Activity. Your answer must be an exact transcription of the data, with every picture omitted.

Provided material.
>>

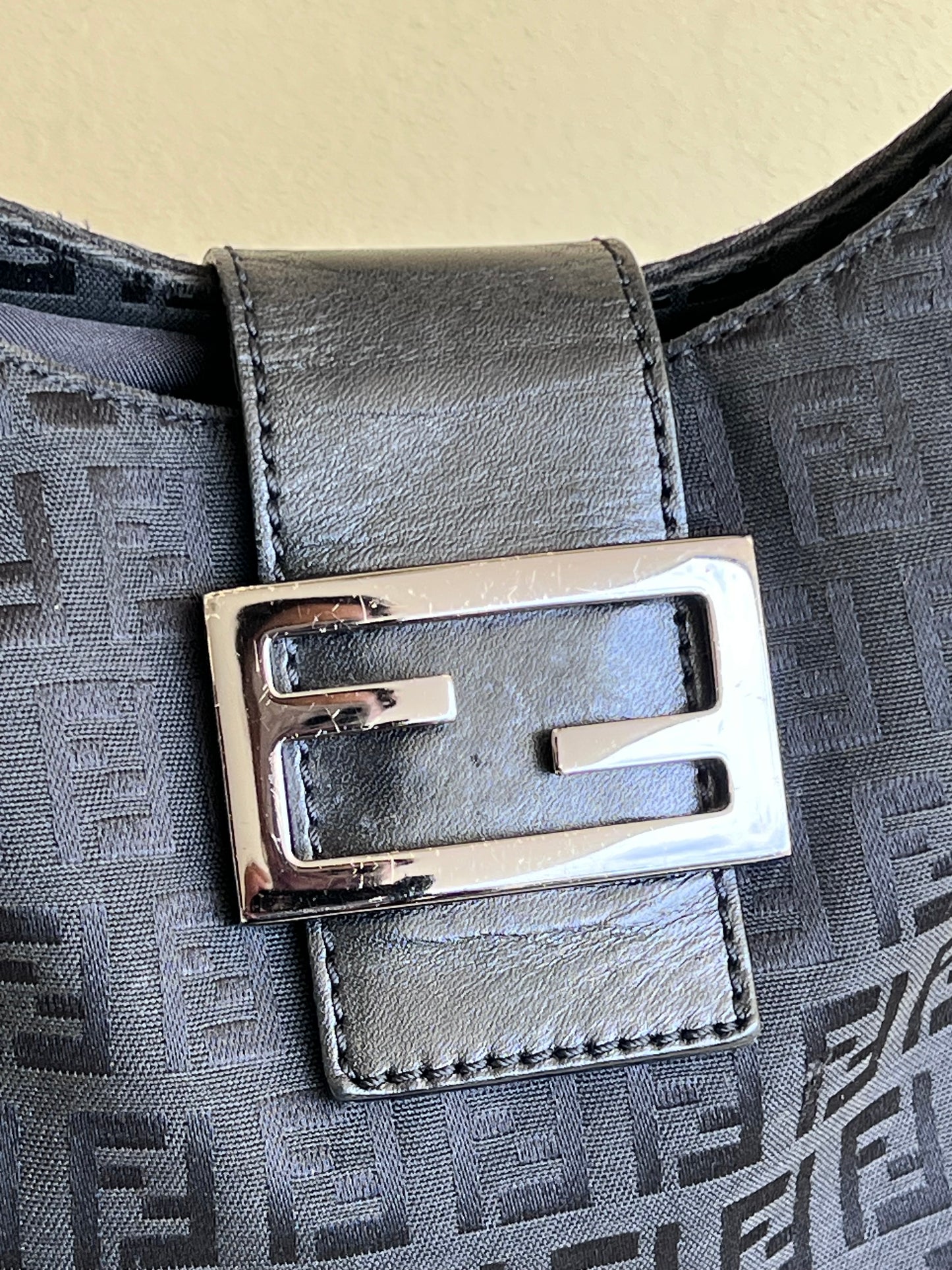 Hobo Fendi Zucchino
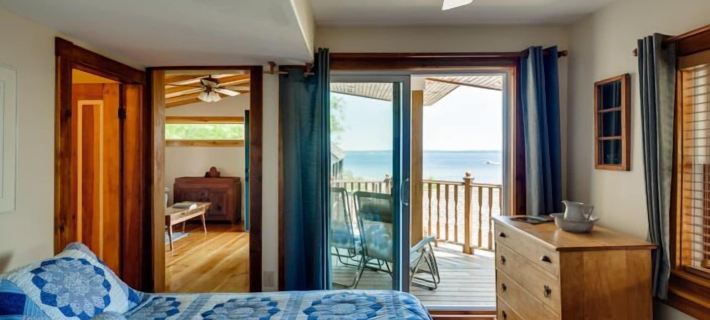 Beach Cottage Inn Hotels in Waldo County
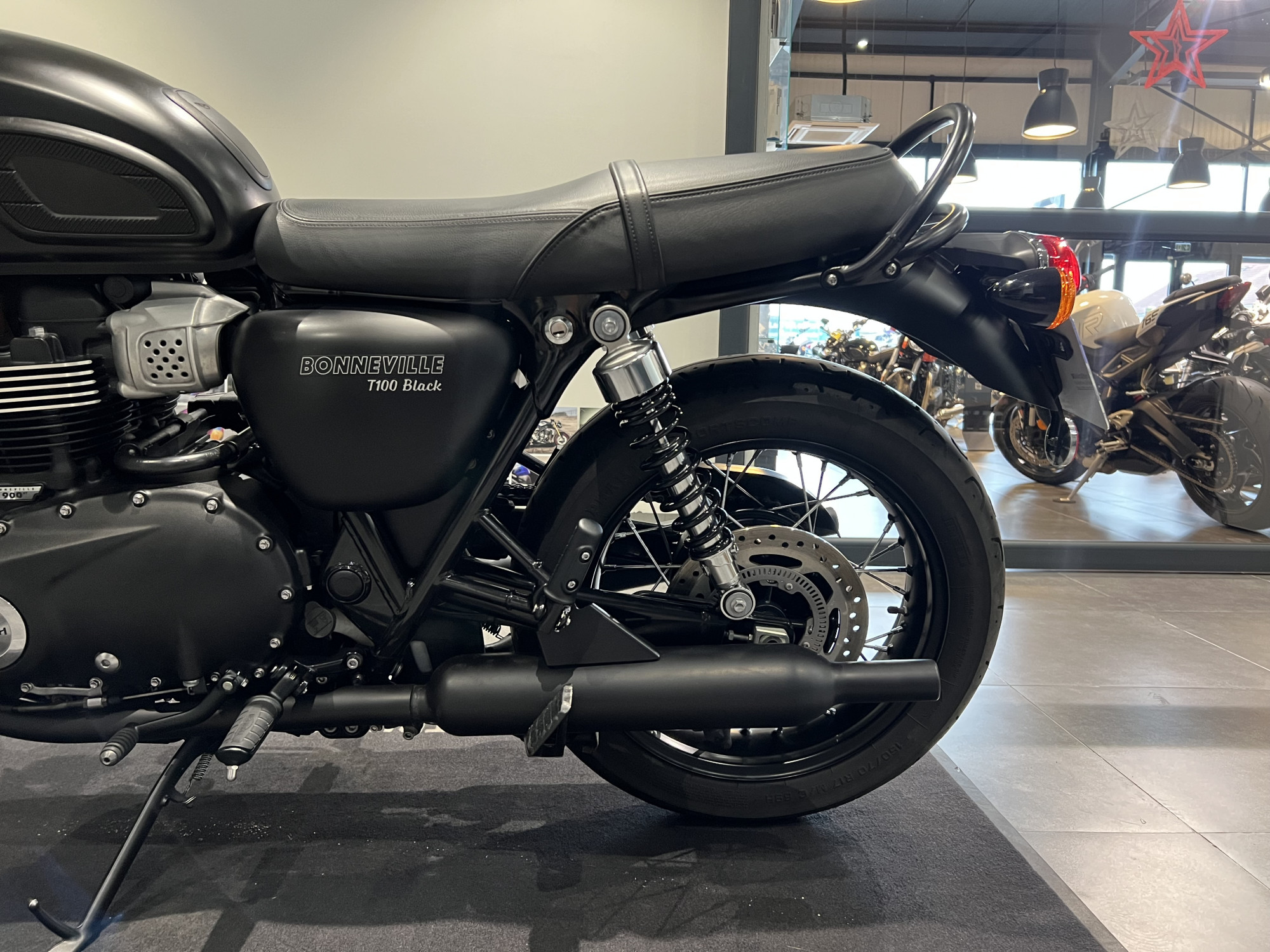 TRIUMPH Bonneville T100 Black - A2 – Image 10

<<

Result of the task.
 Hobo Fendi Zucchino
 Beach Cottage Inn Hotels in Waldo County
 TRIUMPH Bonneville T100 Black - A2 – Image 10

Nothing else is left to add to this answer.